**WORK REQUIRED:**
Unless it is a picture, every line from the start of the entries through the line with "1969 Chevrolet Chevelle - photo 8" must be retyped exactly.

**Stored dataset items:**
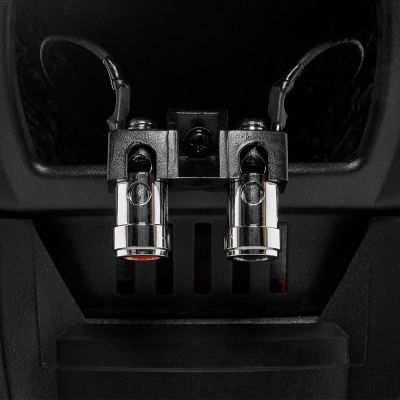 Subwoofer pasiv fara incinta Phoenix Gold GX10D4, 400 watts rms, 2 x 4 ohm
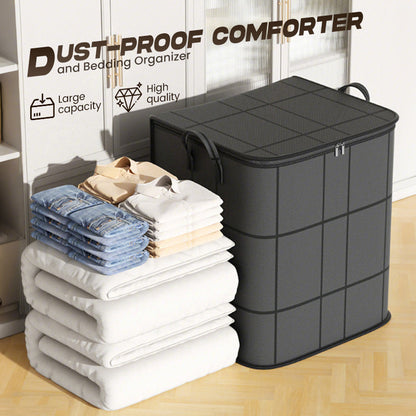 55% de Réduction – Sac de Rangement Couette Grande Capacité Pliable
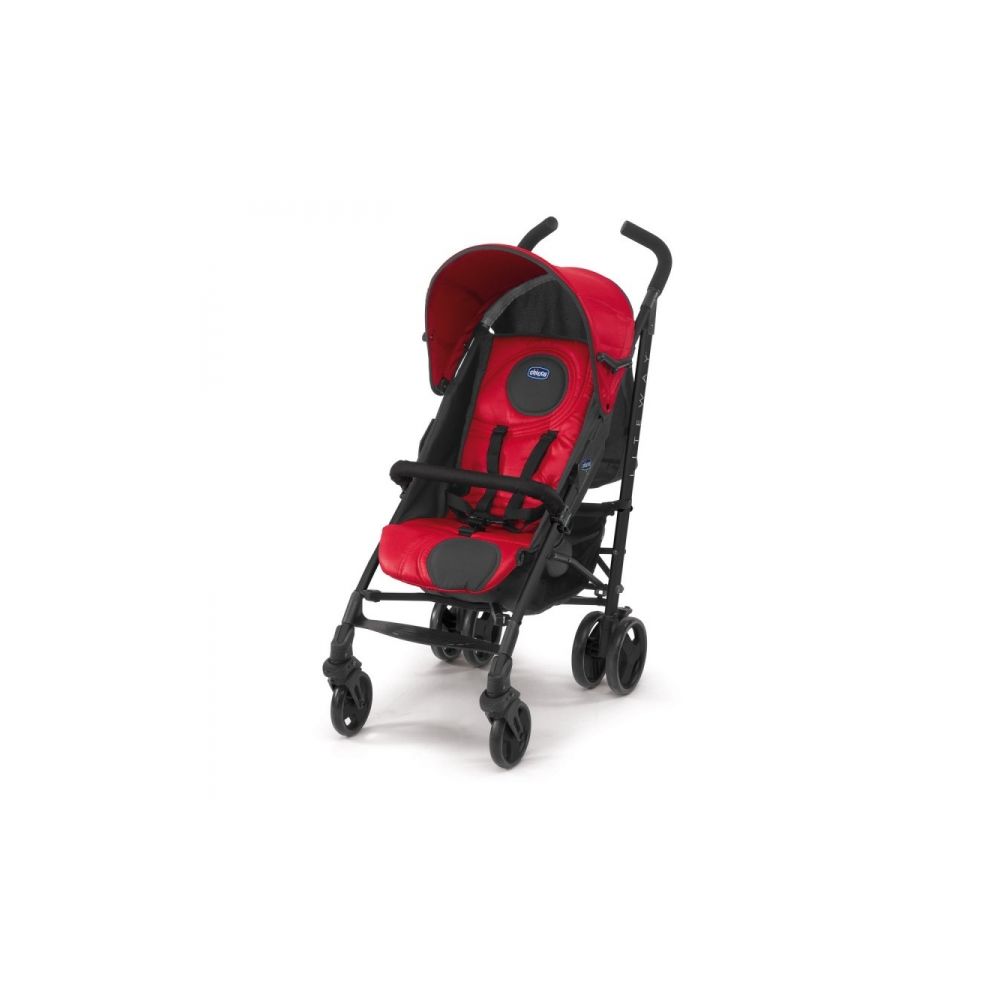 CHICCO - CARUCIOR SPORT LITE WAY - RED WAVE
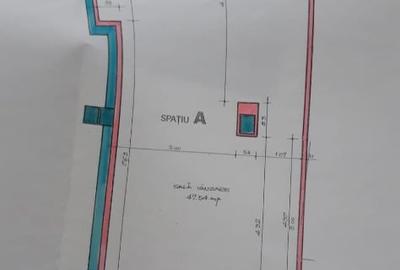 ULTRACENTRAL  -  Bd Regele Mihai I, Spatiu comercial de inchiriat, 60 mp - 1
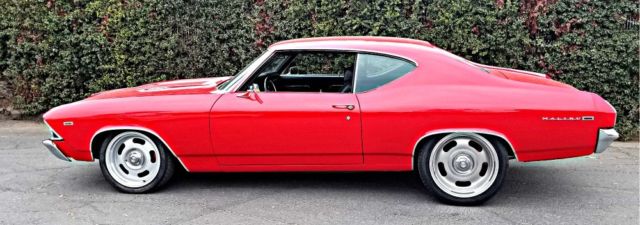 1969 Chevrolet Chevelle - photo 8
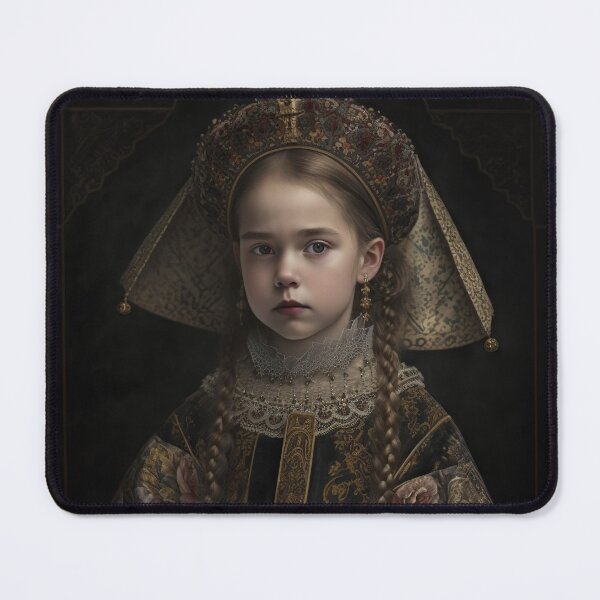Item preview, Living Dolls of Ambiguous Royal Descent designed and sold by Daniel Leighton.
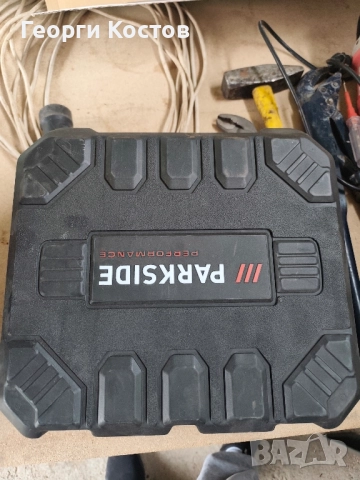 Гайковер Парксайд , снимка 2 - Други инструменти - 52101420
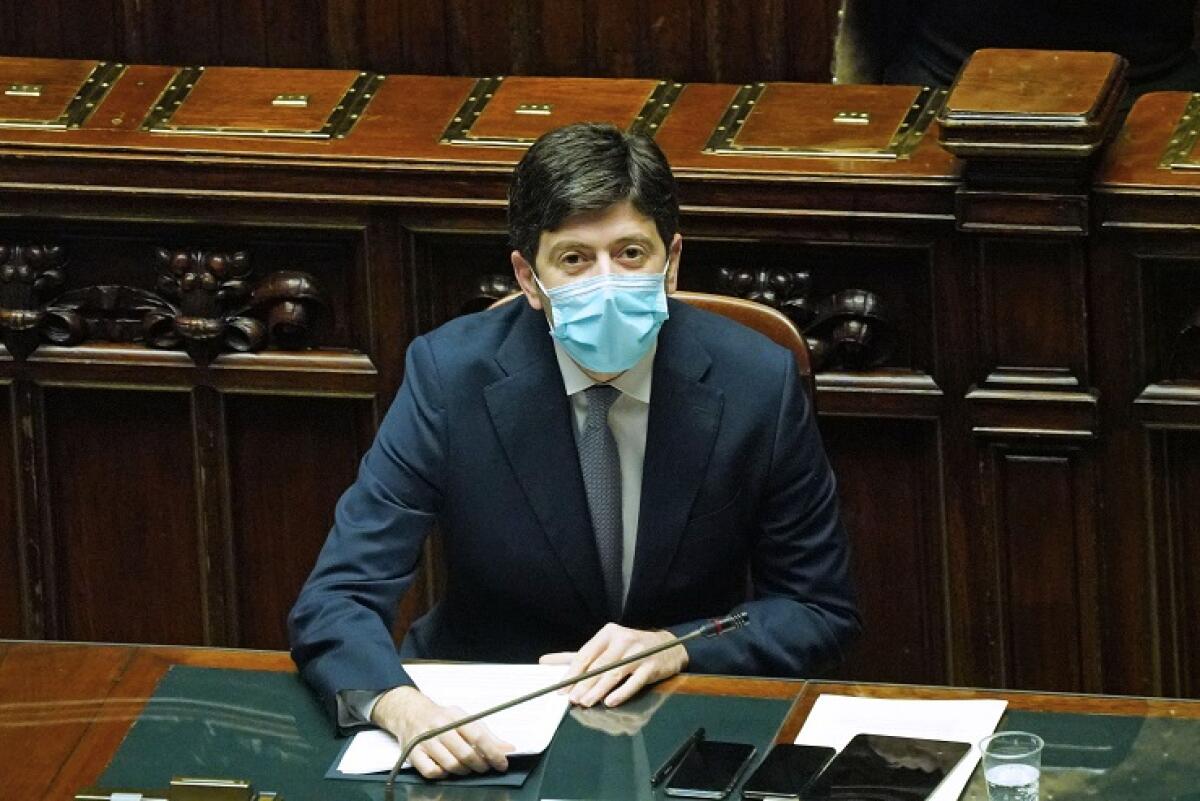 Speranza “Esami e terapie gratis per guariti da forma grave Covid” - 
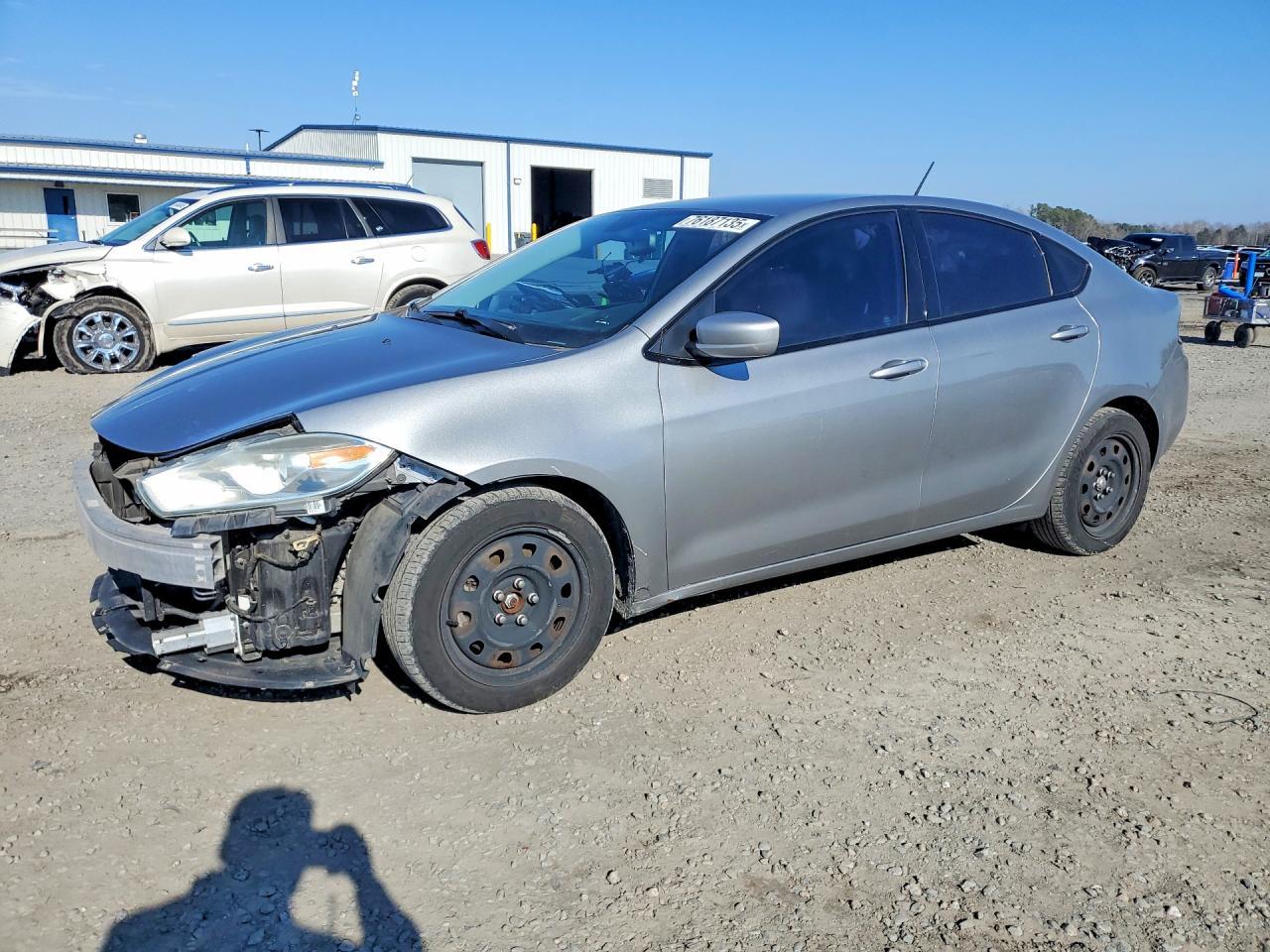 2016 Dodge Dart Se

**RESULT OF THE EXERCISE:**
 Subwoofer pasiv fara incinta Phoenix Gold GX10D4, 400 watts rms, 2 x 4 ohm
 55% de Réduction – Sac de Rangement Couette Grande Capacité Pliable
 CHICCO - CARUCIOR SPORT LITE WAY - RED WAVE
 ULTRACENTRAL  -  Bd Regele Mihai I, Spatiu comercial de inchiriat, 60 mp - 1
 1969 Chevrolet Chevelle - photo 8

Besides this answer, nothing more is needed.